1. This isn’t anything new.

It is not as if we are the only generation of the church in its 2,000+ years of existence that has experienced disagreements and division. In fact, church history is pretty ripe with it, even down to the very beginning of the church itself. In Acts 15 we read about the first “council” that the church ever held in Jerusalem. What were they meeting about? A bunch of the leaders of the early church came together to discuss the inclusion of Gentiles within the various communities. As many are familiar, the earliest “Christians” were Jewish, and Jewish culture was a lot different from a lot of the surrounding cultures of the day in the first century. Gentiles, or non-Jews, led a very different lifestyle, and issues such as diet restrictions, circumcision and other issues surfaced that the early Christians had to discuss. They came to a conclusion that was mutually beneficial and inclusive. So, these issues we’re having today aren’t that new after all; however, that doesn’t mean we respond with such an inclusive acceptance all the time. What happens in these instances?

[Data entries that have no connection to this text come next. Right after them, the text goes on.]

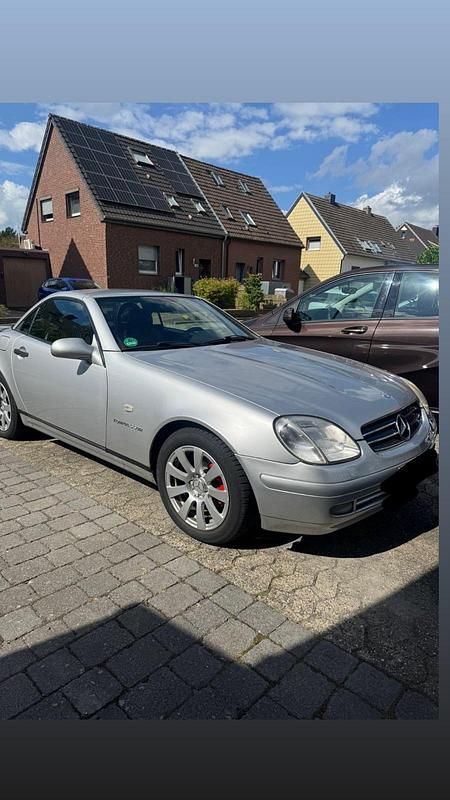 Silber Gebraucht 1997 Mercedes SLK230 Cabrio | 4.300 € (Guter Preis) - Bild 1/4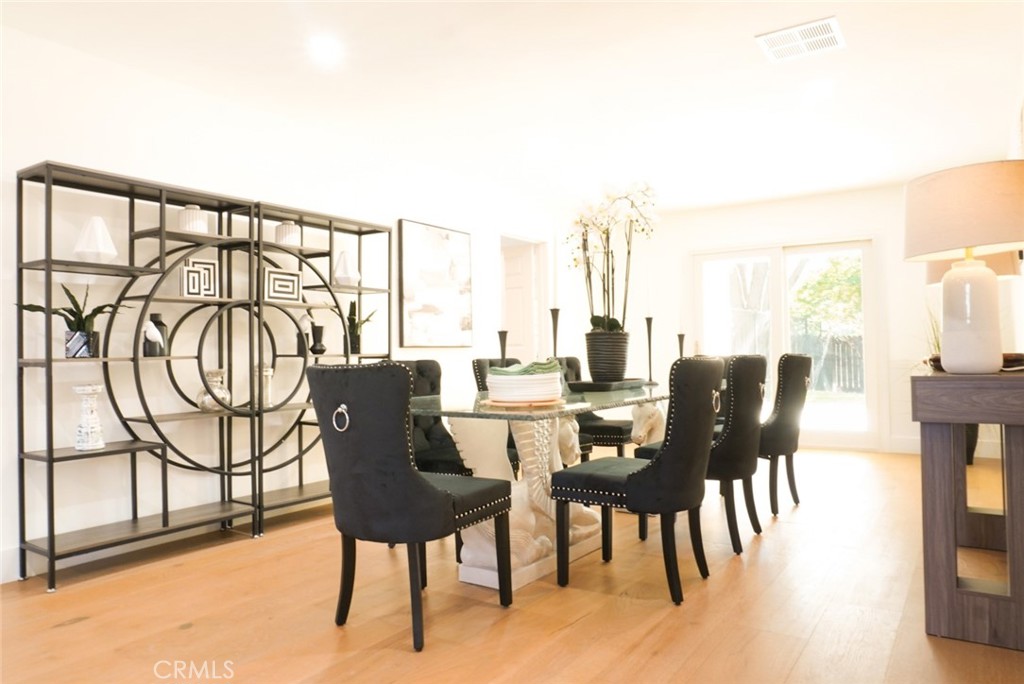 Properties 4 23242 Burbank Boulevard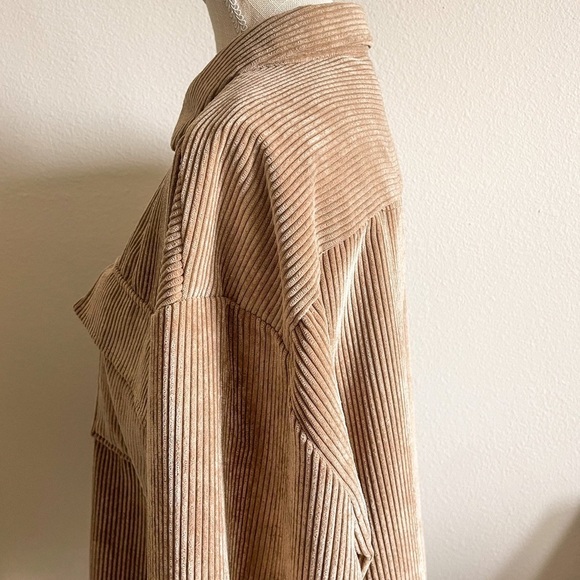 Reclaimed Vintage Shacket, Size Medium - Picture 8 of 15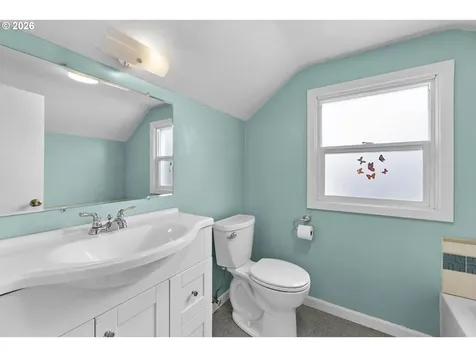 2412 E 6th Street Vancouver WA 98661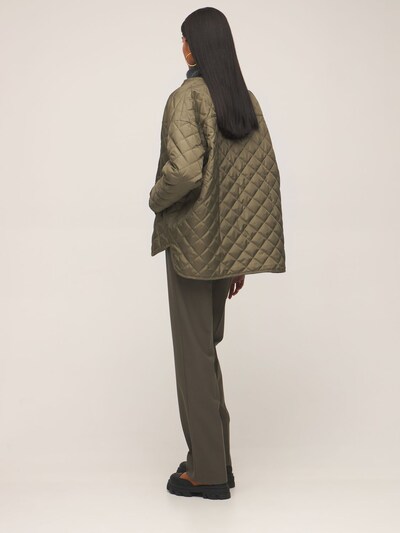 “BRAGA”绗缝再生尼龙夹克展示图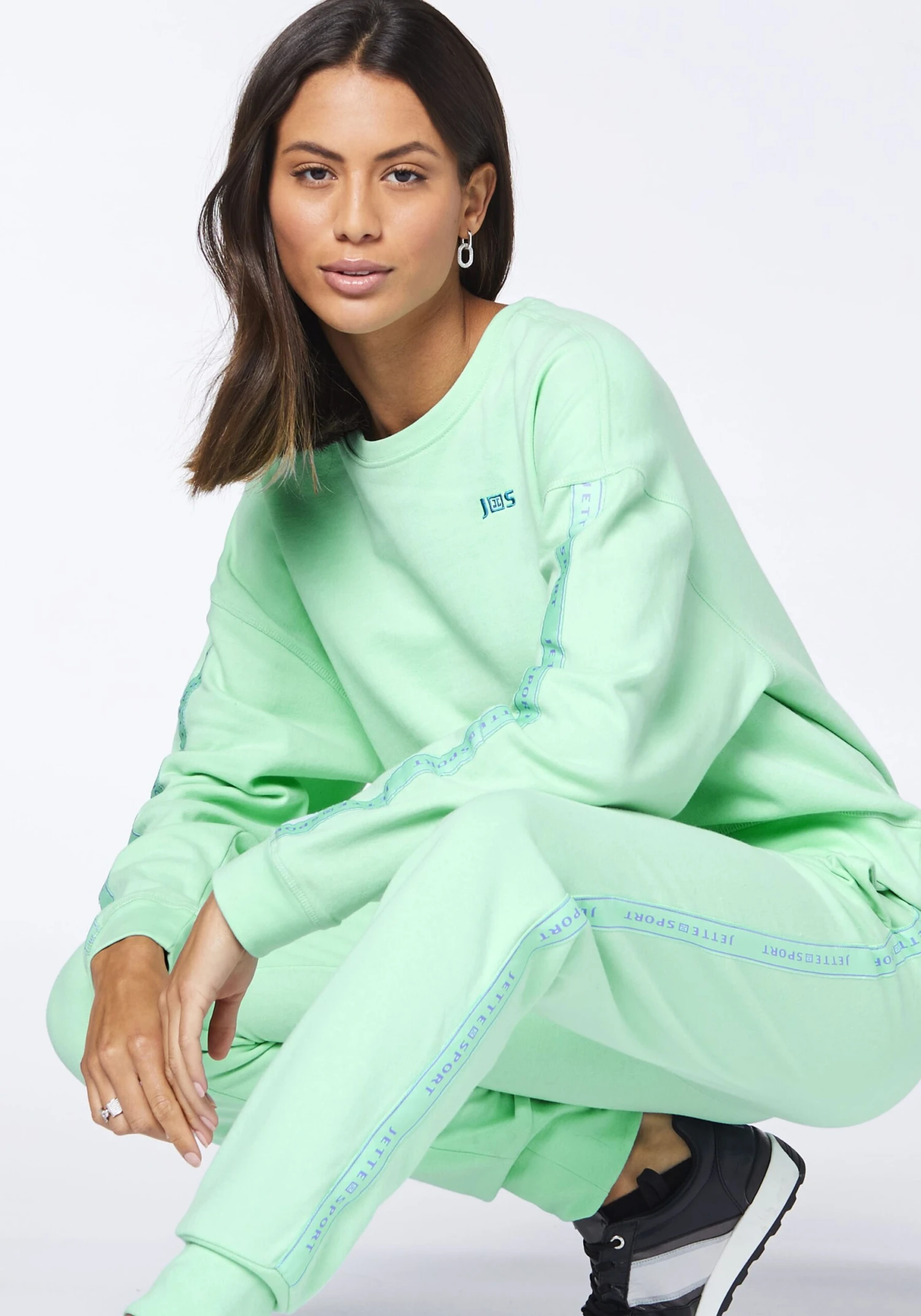 Sweatshirt in Blau Sweatshirt In Blau -Modebekleidungs Geschäft jette sport sweatshirt in blau scaled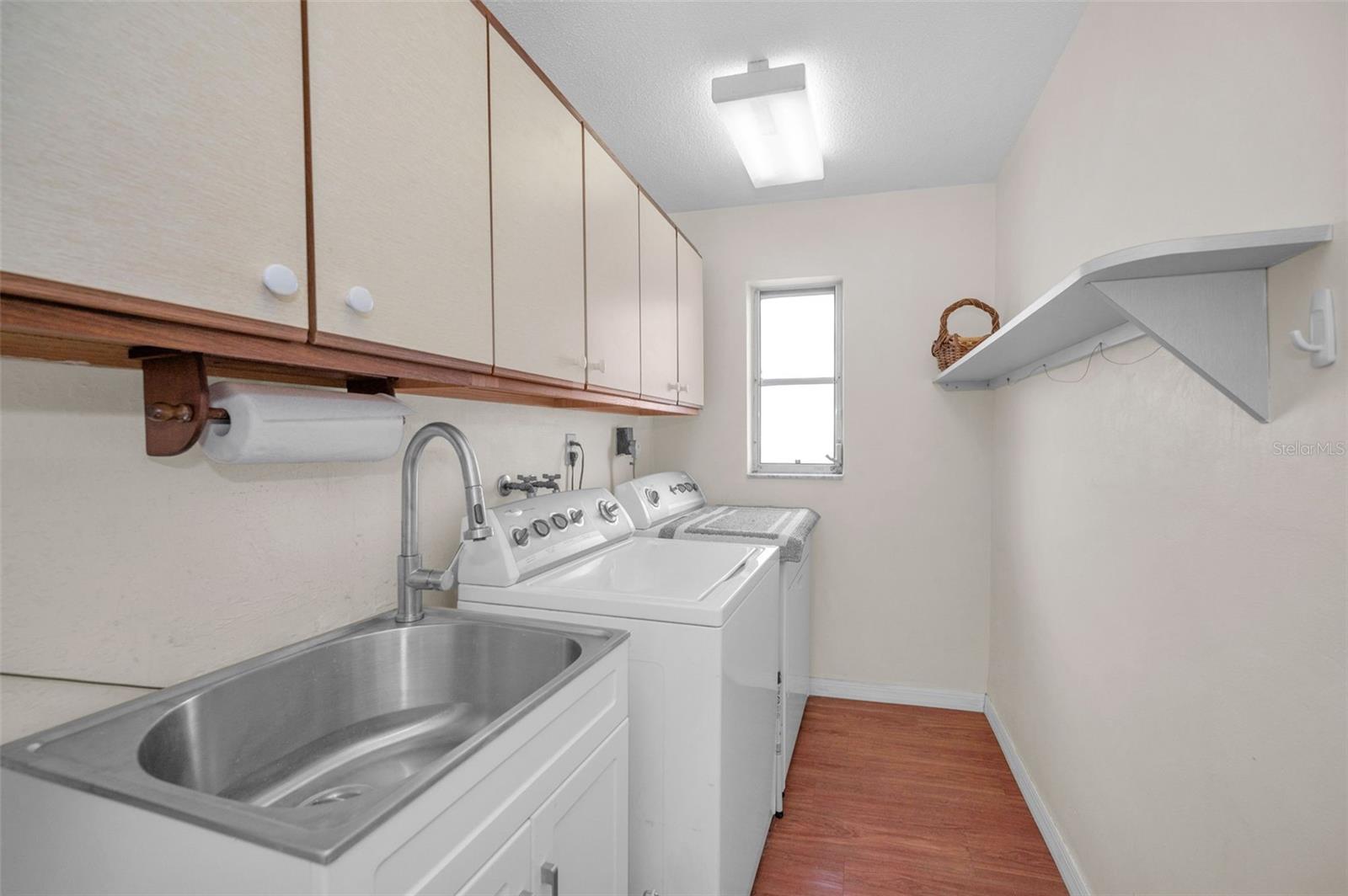 Image 33 of 48 For 2087 Hillwood Drive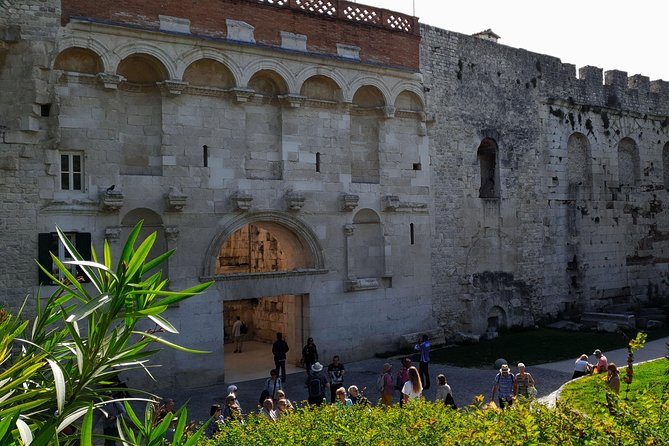 Walking Tour of Split with a 'Magister' of History - Noble palaces, courtyards, and Venetian echoes near the city museum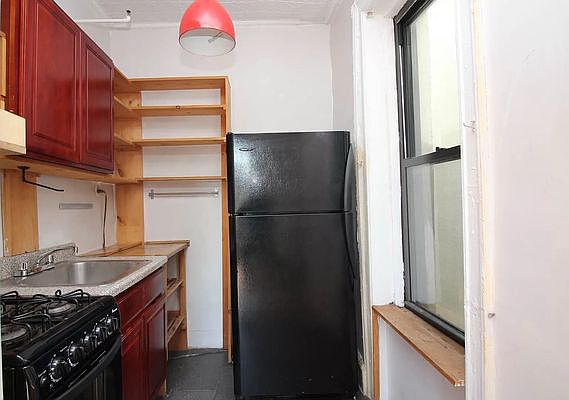 4th image of 808 Nostrand Ave #3A
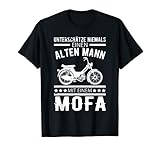 Dieses Design mit diesem tollen Retro Zweirad und Motorroller der durch Europa egal ob Sport oder Spaß im Alltag anzutreffen ist perfekt für alle Motorradfans ,Motorradliebhaber und Motorradfahrer zur nächsten Mofa Treffen oder Veranstaltung.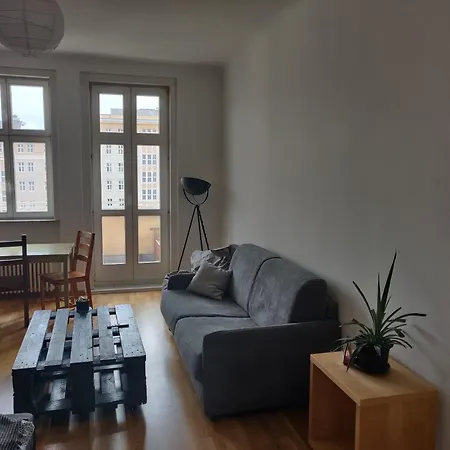 Zwei Charmante Mit Wohnbereich In Zentraler Berliner * ברלין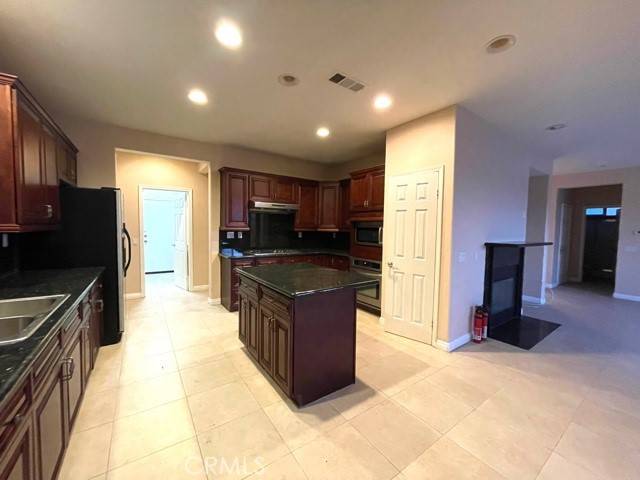 Perris, CA 92571,932 Parula Street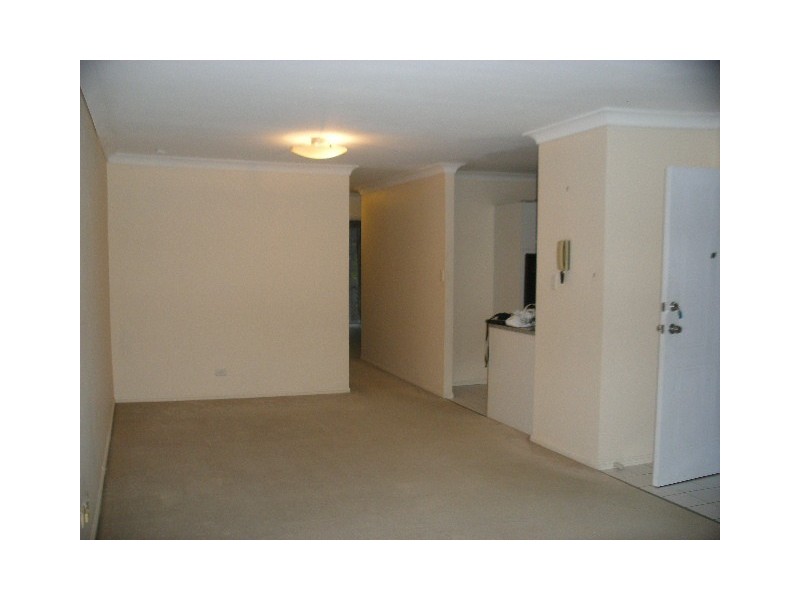 12/67 Brookfield Road, Kenmore QLD 4069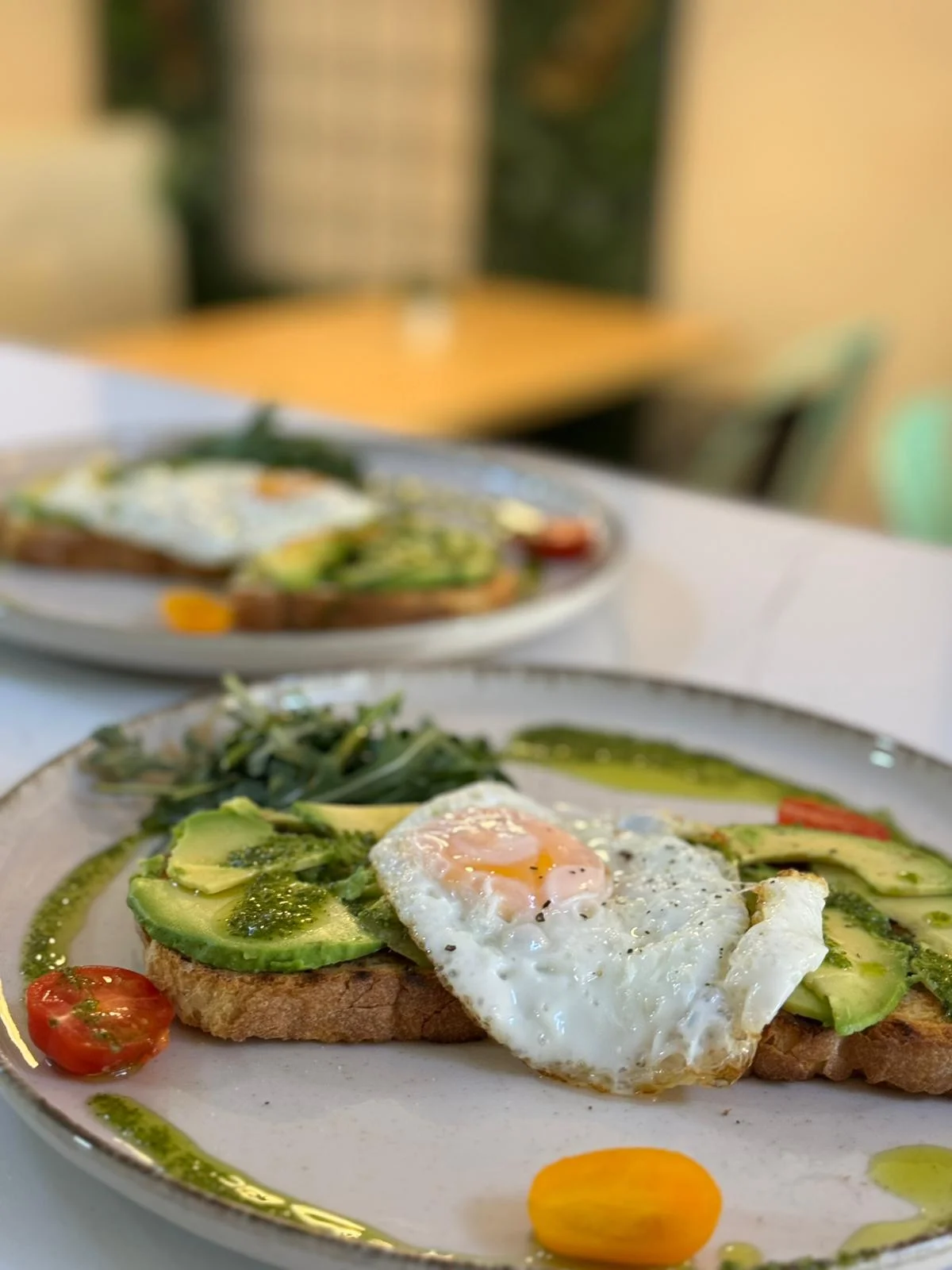 Tostada de aguacate con huevo en Nomada Restaurant & Brunch, especialidad en desayunos bohemios en Figueres.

2. Do everything with love.

Paul was certainly someone who had both caused disagreement in the early church, with his own conversion story, as well as navigated various churches he lead through disagreements in their own communities. One of these churches was the church in Corinth, who definitely had their issues. In the first letter we have recorded from Paul to this Corinthian church, he ends with this admonition: “Be on guard. Stand firm in the faith. Be courageous. Be strong. And do everything with love” (1 Corinthians 16:14). Did you catch the nuance there? Throughout the letter Paul discusses a lot of cultural hot topics with them, many of which were discussed at the Jerusalem council in Acts, so he encourages them to remain cautious of these issues, but also to do everything in love. That’s pretty vague, but it’s great advice for us even today. As we navigate all the disagreements and all the differences between the church and culture, and even within the church itself, we have to make sure we are loving our neighbors and loving one another. Which brings me to my third point…

3. Be unified.

Now, unity doesn’t necessarily have to mean agreement. In fact, if that were the case there wouldn’t be any need for unity in the first place! So, how can we maintain unity even in the midst of disagreement? We have to take a posture of humility and respect for those who also call themselves followers of Jesus. This was one of Jesus’ main prayers in the Gospel of John:

“I am praying not only for these disciples but also for all who will ever believe in me through their message. I pray that they will all be one, just as you and I are one—as you are in me, Father, and I am in you. And may they be in us so that the world will believe you sent me” (John 17:20-21).

How can we expect to be a “light to the world” if we cannot even get along amongst ourselves as Christians? I think this is also what Paul was getting at in Galatians 6:10“Therefore, whenever we have the opportunity, we should do good to everyone—especially to those in the family of faith.” We need to relate to one another by what we have in common, and we need only to converse about the things we do not. We cannot be so quick to dismiss, disregard or disown one another based on things that are outside of the center circle of faith in Jesus.

If we can start with these three assumptions, I think we may have a good jump on the future, whatever new issues or hot topics it may bring.

This article originally appeared here.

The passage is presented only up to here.